- Exercise aim -
Nothing in the records may change. Output them all exactly.

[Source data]
════

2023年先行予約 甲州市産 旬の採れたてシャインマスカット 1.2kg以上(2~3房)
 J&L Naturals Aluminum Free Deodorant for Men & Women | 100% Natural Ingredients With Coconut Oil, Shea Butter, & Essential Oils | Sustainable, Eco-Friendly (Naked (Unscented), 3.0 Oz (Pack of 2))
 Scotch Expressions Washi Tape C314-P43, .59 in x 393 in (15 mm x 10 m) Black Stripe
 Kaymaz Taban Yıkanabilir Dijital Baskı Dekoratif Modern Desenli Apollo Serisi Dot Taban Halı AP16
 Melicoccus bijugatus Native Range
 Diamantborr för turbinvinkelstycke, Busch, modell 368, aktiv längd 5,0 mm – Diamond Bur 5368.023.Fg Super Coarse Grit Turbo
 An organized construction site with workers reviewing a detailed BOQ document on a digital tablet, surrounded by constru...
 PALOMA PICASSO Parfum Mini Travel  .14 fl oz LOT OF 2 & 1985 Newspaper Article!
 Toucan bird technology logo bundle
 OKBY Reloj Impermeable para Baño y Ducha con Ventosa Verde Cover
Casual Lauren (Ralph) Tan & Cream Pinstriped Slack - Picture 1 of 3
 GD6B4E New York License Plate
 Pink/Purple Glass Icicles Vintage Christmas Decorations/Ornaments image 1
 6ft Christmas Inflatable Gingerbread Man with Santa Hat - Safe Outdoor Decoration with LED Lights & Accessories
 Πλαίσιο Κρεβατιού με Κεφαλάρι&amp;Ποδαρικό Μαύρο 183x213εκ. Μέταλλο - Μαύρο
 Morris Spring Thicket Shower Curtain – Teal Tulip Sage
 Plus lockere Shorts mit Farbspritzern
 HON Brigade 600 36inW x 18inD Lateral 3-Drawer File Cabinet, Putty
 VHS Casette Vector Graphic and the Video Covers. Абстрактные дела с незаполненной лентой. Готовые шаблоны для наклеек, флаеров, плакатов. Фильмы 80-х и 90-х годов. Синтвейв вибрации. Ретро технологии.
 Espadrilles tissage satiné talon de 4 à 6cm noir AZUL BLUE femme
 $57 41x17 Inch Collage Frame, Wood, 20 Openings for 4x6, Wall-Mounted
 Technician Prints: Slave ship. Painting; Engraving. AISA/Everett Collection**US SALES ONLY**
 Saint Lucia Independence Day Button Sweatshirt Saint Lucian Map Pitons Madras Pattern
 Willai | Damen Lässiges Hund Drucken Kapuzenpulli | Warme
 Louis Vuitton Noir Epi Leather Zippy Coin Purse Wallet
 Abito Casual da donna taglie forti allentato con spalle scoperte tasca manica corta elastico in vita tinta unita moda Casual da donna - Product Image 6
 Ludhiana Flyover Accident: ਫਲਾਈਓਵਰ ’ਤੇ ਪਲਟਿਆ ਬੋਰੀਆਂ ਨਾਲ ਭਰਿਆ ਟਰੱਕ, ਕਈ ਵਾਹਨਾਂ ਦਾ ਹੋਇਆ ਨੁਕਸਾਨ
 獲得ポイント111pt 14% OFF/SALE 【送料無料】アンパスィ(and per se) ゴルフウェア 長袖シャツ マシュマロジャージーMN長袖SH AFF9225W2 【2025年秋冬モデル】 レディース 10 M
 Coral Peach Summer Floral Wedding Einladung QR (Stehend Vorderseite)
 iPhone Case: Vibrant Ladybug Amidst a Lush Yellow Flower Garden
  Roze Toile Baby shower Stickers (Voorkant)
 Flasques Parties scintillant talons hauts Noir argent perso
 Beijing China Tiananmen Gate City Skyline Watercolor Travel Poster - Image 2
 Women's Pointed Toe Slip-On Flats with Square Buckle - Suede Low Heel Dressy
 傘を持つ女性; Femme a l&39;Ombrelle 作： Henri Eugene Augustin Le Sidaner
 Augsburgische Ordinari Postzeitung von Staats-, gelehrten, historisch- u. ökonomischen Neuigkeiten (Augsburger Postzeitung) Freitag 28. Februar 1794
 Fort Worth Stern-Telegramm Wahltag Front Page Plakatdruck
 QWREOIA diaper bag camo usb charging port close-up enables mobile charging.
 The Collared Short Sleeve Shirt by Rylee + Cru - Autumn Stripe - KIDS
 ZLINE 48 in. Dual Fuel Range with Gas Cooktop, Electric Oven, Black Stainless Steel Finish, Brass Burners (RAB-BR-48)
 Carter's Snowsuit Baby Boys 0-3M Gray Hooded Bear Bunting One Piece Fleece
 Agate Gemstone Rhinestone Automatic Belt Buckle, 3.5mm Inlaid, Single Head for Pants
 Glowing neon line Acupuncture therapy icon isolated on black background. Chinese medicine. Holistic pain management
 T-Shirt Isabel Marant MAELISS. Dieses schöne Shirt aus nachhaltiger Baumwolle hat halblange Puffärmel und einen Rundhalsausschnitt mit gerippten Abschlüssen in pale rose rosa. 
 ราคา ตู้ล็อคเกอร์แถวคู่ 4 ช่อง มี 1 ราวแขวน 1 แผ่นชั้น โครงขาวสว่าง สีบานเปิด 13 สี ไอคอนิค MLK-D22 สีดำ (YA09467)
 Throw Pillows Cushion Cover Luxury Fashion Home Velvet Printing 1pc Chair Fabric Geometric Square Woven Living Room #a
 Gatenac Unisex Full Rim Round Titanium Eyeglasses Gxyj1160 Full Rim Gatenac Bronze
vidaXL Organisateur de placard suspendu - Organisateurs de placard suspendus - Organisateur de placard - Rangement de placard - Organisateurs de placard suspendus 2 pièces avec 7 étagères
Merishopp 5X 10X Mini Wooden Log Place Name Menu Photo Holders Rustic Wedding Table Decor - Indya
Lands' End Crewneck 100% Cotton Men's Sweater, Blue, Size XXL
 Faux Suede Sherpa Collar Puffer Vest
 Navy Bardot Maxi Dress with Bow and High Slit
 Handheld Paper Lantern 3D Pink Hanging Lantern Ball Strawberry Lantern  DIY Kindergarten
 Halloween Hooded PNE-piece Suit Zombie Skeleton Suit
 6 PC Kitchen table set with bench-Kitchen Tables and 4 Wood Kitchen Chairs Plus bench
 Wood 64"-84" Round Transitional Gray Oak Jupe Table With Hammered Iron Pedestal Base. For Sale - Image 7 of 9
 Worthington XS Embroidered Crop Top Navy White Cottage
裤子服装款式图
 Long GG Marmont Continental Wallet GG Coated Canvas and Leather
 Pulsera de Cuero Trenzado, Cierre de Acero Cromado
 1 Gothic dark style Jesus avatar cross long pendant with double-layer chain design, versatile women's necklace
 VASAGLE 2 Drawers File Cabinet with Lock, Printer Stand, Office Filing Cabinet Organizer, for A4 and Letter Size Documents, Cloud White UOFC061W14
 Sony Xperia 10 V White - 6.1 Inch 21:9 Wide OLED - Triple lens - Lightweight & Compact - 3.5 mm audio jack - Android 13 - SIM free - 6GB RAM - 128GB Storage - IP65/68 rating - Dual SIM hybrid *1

════

- Result -
2023年先行予約 甲州市産 旬の採れたてシャインマスカット 1.2kg以上(2~3房)
 J&L Naturals Aluminum Free Deodorant for Men & Women | 100% Natural Ingredients With Coconut Oil, Shea Butter, & Essential Oils | Sustainable, Eco-Friendly (Naked (Unscented), 3.0 Oz (Pack of 2))
 Scotch Expressions Washi Tape C314-P43, .59 in x 393 in (15 mm x 10 m) Black Stripe
 Kaymaz Taban Yıkanabilir Dijital Baskı Dekoratif Modern Desenli Apollo Serisi Dot Taban Halı AP16
 Melicoccus bijugatus Native Range
 Diamantborr för turbinvinkelstycke, Busch, modell 368, aktiv längd 5,0 mm – Diamond Bur 5368.023.Fg Super Coarse Grit Turbo
 An organized construction site with workers reviewing a detailed BOQ document on a digital tablet, surrounded by constru...
 PALOMA PICASSO Parfum Mini Travel  .14 fl oz LOT OF 2 & 1985 Newspaper Article!
 Toucan bird technology logo bundle
 OKBY Reloj Impermeable para Baño y Ducha con Ventosa Verde Cover
Casual Lauren (Ralph) Tan & Cream Pinstriped Slack - Picture 1 of 3
 GD6B4E New York License Plate
 Pink/Purple Glass Icicles Vintage Christmas Decorations/Ornaments image 1
 6ft Christmas Inflatable Gingerbread Man with Santa Hat - Safe Outdoor Decoration with LED Lights & Accessories
 Πλαίσιο Κρεβατιού με Κεφαλάρι&amp;Ποδαρικό Μαύρο 183x213εκ. Μέταλλο - Μαύρο
 Morris Spring Thicket Shower Curtain – Teal Tulip Sage
 Plus lockere Shorts mit Farbspritzern
 HON Brigade 600 36inW x 18inD Lateral 3-Drawer File Cabinet, Putty
 VHS Casette Vector Graphic and the Video Covers. Абстрактные дела с незаполненной лентой. Готовые шаблоны для наклеек, флаеров, плакатов. Фильмы 80-х и 90-х годов. Синтвейв вибрации. Ретро технологии.
 Espadrilles tissage satiné talon de 4 à 6cm noir AZUL BLUE femme
 $57 41x17 Inch Collage Frame, Wood, 20 Openings for 4x6, Wall-Mounted
 Technician Prints: Slave ship. Painting; Engraving. AISA/Everett Collection**US SALES ONLY**
 Saint Lucia Independence Day Button Sweatshirt Saint Lucian Map Pitons Madras Pattern
 Willai | Damen Lässiges Hund Drucken Kapuzenpulli | Warme
 Louis Vuitton Noir Epi Leather Zippy Coin Purse Wallet
 Abito Casual da donna taglie forti allentato con spalle scoperte tasca manica corta elastico in vita tinta unita moda Casual da donna - Product Image 6
 Ludhiana Flyover Accident: ਫਲਾਈਓਵਰ ’ਤੇ ਪਲਟਿਆ ਬੋਰੀਆਂ ਨਾਲ ਭਰਿਆ ਟਰੱਕ, ਕਈ ਵਾਹਨਾਂ ਦਾ ਹੋਇਆ ਨੁਕਸਾਨ
 獲得ポイント111pt 14% OFF/SALE 【送料無料】アンパスィ(and per se) ゴルフウェア 長袖シャツ マシュマロジャージーMN長袖SH AFF9225W2 【2025年秋冬モデル】 レディース 10 M
 Coral Peach Summer Floral Wedding Einladung QR (Stehend Vorderseite)
 iPhone Case: Vibrant Ladybug Amidst a Lush Yellow Flower Garden
  Roze Toile Baby shower Stickers (Voorkant)
 Flasques Parties scintillant talons hauts Noir argent perso
 Beijing China Tiananmen Gate City Skyline Watercolor Travel Poster - Image 2
 Women's Pointed Toe Slip-On Flats with Square Buckle - Suede Low Heel Dressy
 傘を持つ女性; Femme a l&39;Ombrelle 作： Henri Eugene Augustin Le Sidaner
 Augsburgische Ordinari Postzeitung von Staats-, gelehrten, historisch- u. ökonomischen Neuigkeiten (Augsburger Postzeitung) Freitag 28. Februar 1794
 Fort Worth Stern-Telegramm Wahltag Front Page Plakatdruck
 QWREOIA diaper bag camo usb charging port close-up enables mobile charging.
 The Collared Short Sleeve Shirt by Rylee + Cru - Autumn Stripe - KIDS
 ZLINE 48 in. Dual Fuel Range with Gas Cooktop, Electric Oven, Black Stainless Steel Finish, Brass Burners (RAB-BR-48)
 Carter's Snowsuit Baby Boys 0-3M Gray Hooded Bear Bunting One Piece Fleece
 Agate Gemstone Rhinestone Automatic Belt Buckle, 3.5mm Inlaid, Single Head for Pants
 Glowing neon line Acupuncture therapy icon isolated on black background. Chinese medicine. Holistic pain management
 T-Shirt Isabel Marant MAELISS. Dieses schöne Shirt aus nachhaltiger Baumwolle hat halblange Puffärmel und einen Rundhalsausschnitt mit gerippten Abschlüssen in pale rose rosa. 
 ราคา ตู้ล็อคเกอร์แถวคู่ 4 ช่อง มี 1 ราวแขวน 1 แผ่นชั้น โครงขาวสว่าง สีบานเปิด 13 สี ไอคอนิค MLK-D22 สีดำ (YA09467)
 Throw Pillows Cushion Cover Luxury Fashion Home Velvet Printing 1pc Chair Fabric Geometric Square Woven Living Room #a
 Gatenac Unisex Full Rim Round Titanium Eyeglasses Gxyj1160 Full Rim Gatenac Bronze
vidaXL Organisateur de placard suspendu - Organisateurs de placard suspendus - Organisateur de placard - Rangement de placard - Organisateurs de placard suspendus 2 pièces avec 7 étagères
Merishopp 5X 10X Mini Wooden Log Place Name Menu Photo Holders Rustic Wedding Table Decor - Indya
Lands' End Crewneck 100% Cotton Men's Sweater, Blue, Size XXL
 Faux Suede Sherpa Collar Puffer Vest
 Navy Bardot Maxi Dress with Bow and High Slit
 Handheld Paper Lantern 3D Pink Hanging Lantern Ball Strawberry Lantern  DIY Kindergarten
 Halloween Hooded PNE-piece Suit Zombie Skeleton Suit
 6 PC Kitchen table set with bench-Kitchen Tables and 4 Wood Kitchen Chairs Plus bench
 Wood 64"-84" Round Transitional Gray Oak Jupe Table With Hammered Iron Pedestal Base. For Sale - Image 7 of 9
 Worthington XS Embroidered Crop Top Navy White Cottage
裤子服装款式图
 Long GG Marmont Continental Wallet GG Coated Canvas and Leather
 Pulsera de Cuero Trenzado, Cierre de Acero Cromado
 1 Gothic dark style Jesus avatar cross long pendant with double-layer chain design, versatile women's necklace
 VASAGLE 2 Drawers File Cabinet with Lock, Printer Stand, Office Filing Cabinet Organizer, for A4 and Letter Size Documents, Cloud White UOFC061W14
 Sony Xperia 10 V White - 6.1 Inch 21:9 Wide OLED - Triple lens - Lightweight & Compact - 3.5 mm audio jack - Android 13 - SIM free - 6GB RAM - 128GB Storage - IP65/68 rating - Dual SIM hybrid *1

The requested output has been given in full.